Race and ethnicity in the 2010 decennial Census data


I have been trying to create a dataset of the Asian Indian-only population (only endorsed Asian Indian race/ethnicity and no others) in the U.S. using the 2010 decennial Census. I was able to find this information in the 2010_SF2a (2010 Summary File 2) dataset and using the race breakdown, I was able to generate and download a dataset from IPUMS.

However, I wanted to run some sanity checks, so I cross-referenced my total N with a Census report that overviews the US Asian Population using the 2010 Census (page 14, Table 5): https://www.census.gov/history/pdf/2010asian-122016.pdf

The N’s I had calculated were off from the report by ~1,000,000. My total N for Asian Indians across all census tracts was ~1.8 million, whereas the report linked above reported ~2.8 million. From what I can tell, I am using the same criteria for Asian Indian classification. I wanted to see if anyone might provide some information on why this might be the case? My instinct is that my IPUMS NHGIS request is somehow too restrictive but aside from the total US population, I haven’t been able to replicate any of the N’s. I also thought about whether or not Hispanic ethnicity was being included; my feeling is that even if the Census report includes those who endorsed Asian Indian race + any Hispanic ethnicity, the difference between the N’s shouldn’t be ~1 million. If anyone has any suggestions it would be very much appreciated. Thanks!


Dear Joey,

I created an extract from 2010 SF2a (from IPUMS NHGIS) that contained counts (2,843,391) for Asian Indians which match the counts reported in Table 5 of the publication you linked to. I selected the total population table for 2010 SF2a from the DATA FINDER. On the options page, I first selected the Nation geographic level. Second, I opened the Race/Ethnicity Breakdowns pop-up, and selected the following checkboxes in the popup:

Asian Indian alone (400-401)
Asian Indian alone or in any combination (400-401) & (100-299) or (300, A01-Z99) or (400-999)

The Asian Indian alone (400-401) count in the output CSV was 2,843,391, and the Asian Indian alone or in any combination count was 3,183,063. Both of these counts are in Table 5 of the publication you linked to.

If you can provide more information about your data (the name of the table(s), the geographic level you selected, and the options you chose in the Race/Ethnicity Breakdown popup), I can try to look into why your estimate differs from the publication.

Dave Van Riper

Hello Dave,

Thanks so much for your response! It’s very reassuring that you were able to replicate the N’s from the publication. I’d be happy to provide the additional information you requested:

Geographic level: Census tract (by state-county)
Race/Ethnicity Breakdown: Asian Indian Alone (400-401)
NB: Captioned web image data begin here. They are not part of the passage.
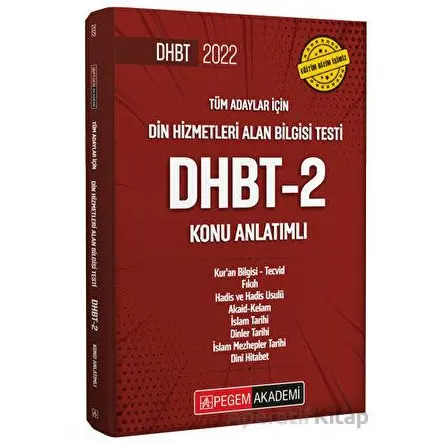 2022 Din Hizmetleri Alan Bilgisi Testi DHBT - 2 Konu Anlatımlı - Kolektif - Pegem Akademi Yayıncılık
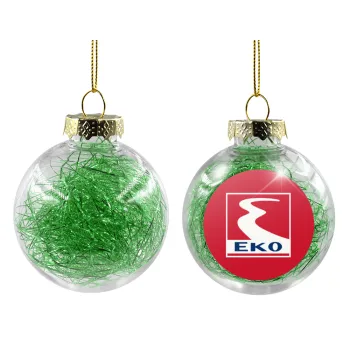 Πρατήριο καυσίμων EKO, Στολίδι Χριστουγεννιάτικη μπάλα δένδρου διάφανη με πράσινο γέμισμα 8cm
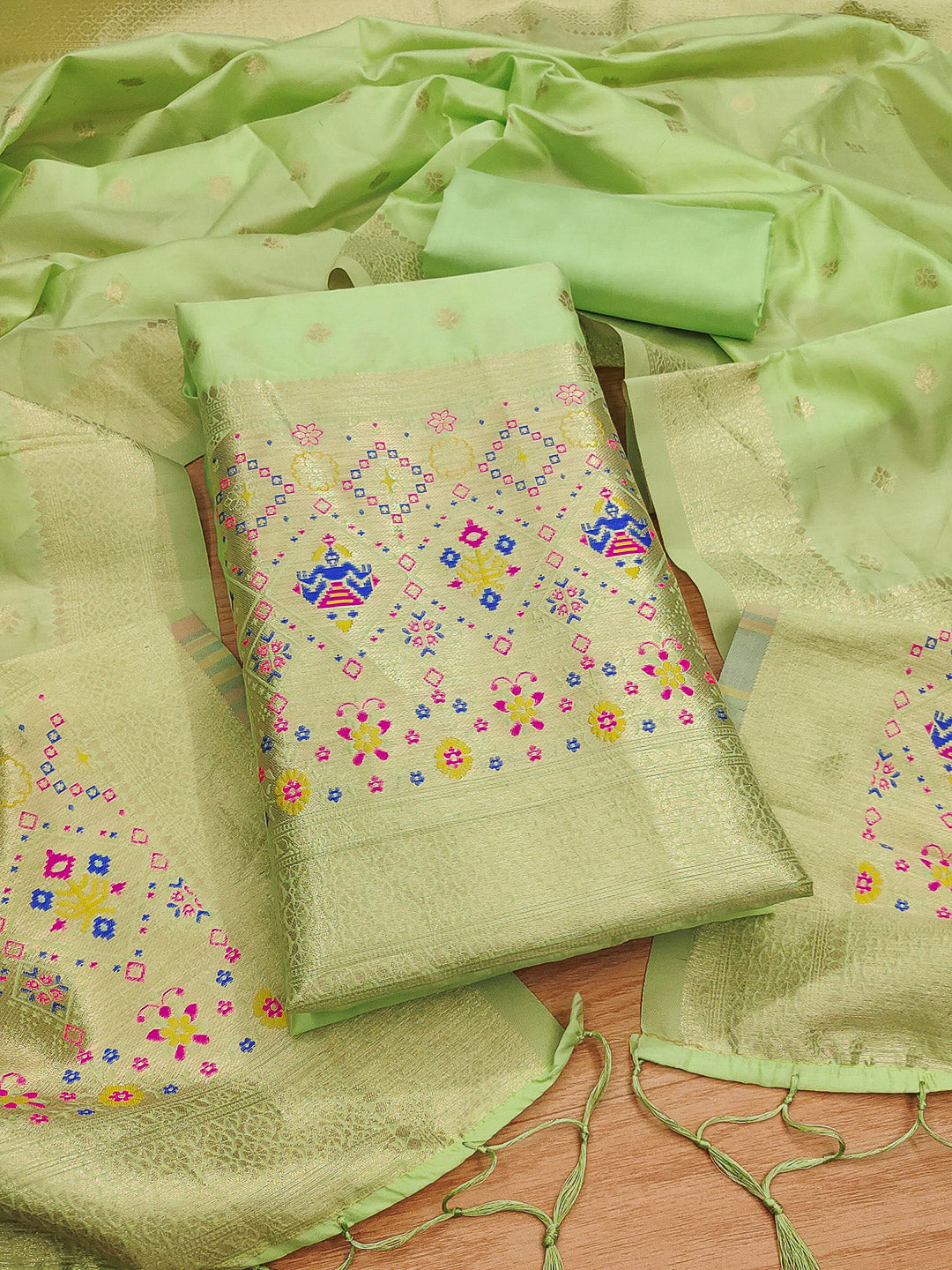 Pista-Green Pure Soft Banarasi Silk Woven Design Unstitched Dress Material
For additional context, we chose Census tract as we have census tract level exposures we were hoping to merge onto the dataset for additional analyses. I had calculated my total Asian Indian Alone population by adding together all of the census-specific n’s after applying the restrictions above. Please let me know if there’s any other information that I can provide that might be helpful!

Kind regards,


Dear Joey,

For the 2010 Summary File 2, the Census Bureau uses suppression when there are fewer than 100 people identifying as a specific detailed race/ethnicity group in a specific geographic unit. Thus, while there were a certain number of Asian Indians in the entire US, not all census tracts contained 100 Asian Indians. When there were fewer than 100 Asian Indians in a census tract, the Bureau suppressed the Asian Indian count for that tract. The specific text from the Bureau’s technical documentation is:

The presentation of SF 2 tables for any of the 331 population groups is subject to
a population threshold of 100 or more people. That is, if there are fewer than 100 people in a specific
population group in a specific geographic area, their population and housing characteristics data are not available for that geographic area in SF 2

When you sum the Asian Indian count for census tracts, the nationwide total will be reduced because of suppression.
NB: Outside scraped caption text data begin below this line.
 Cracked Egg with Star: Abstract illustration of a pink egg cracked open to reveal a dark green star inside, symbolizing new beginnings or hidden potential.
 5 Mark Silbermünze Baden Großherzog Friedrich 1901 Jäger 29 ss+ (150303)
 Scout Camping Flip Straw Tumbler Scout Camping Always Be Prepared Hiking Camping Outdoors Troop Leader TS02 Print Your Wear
Essentially, the census tracts you have data for are those with more than 100 Asian Indians, but you don’t have data for all Asian Indians in the US.


Hello Dave,

Thank you for your response; this makes a lot of sense! For our analyses, we are especially interested in these smaller pockets of Asian Indian folks; so we would like to include them if at all possible. However, it seems like this characteristic is something that is baked into data. If I have to use census tracts as my geographic unit, do you have any recommendations or suggestions for how I might be able to get around the population suppression? If not, no worries - this has all been extremely helpful in understanding the data available! Thanks!



Dear Joey,

The Census Bureau’s suppression rules were implemented to protect the privacy and confidentiality of respondents, and there isn’t any way to recover tract-level counts of Asian Indians for counts < 100.

You could develop a model to estimate Asian Indians at the tract level using other data (e.g., city-level counts of Asian Indians and tract-level counts of Asians, or other combinations of data). That’s far beyond my expertise, and there will definitely be uncertainty in your estimation.

The nice thing about the tract-level data you do have is a sense of certainty - there are 100 Asian Indians in the tract data from 2010 SF2. Thus, if you say that census tract X has residents identifying as Asian Indian, you can be certain that’s the case.

Dave Van Riper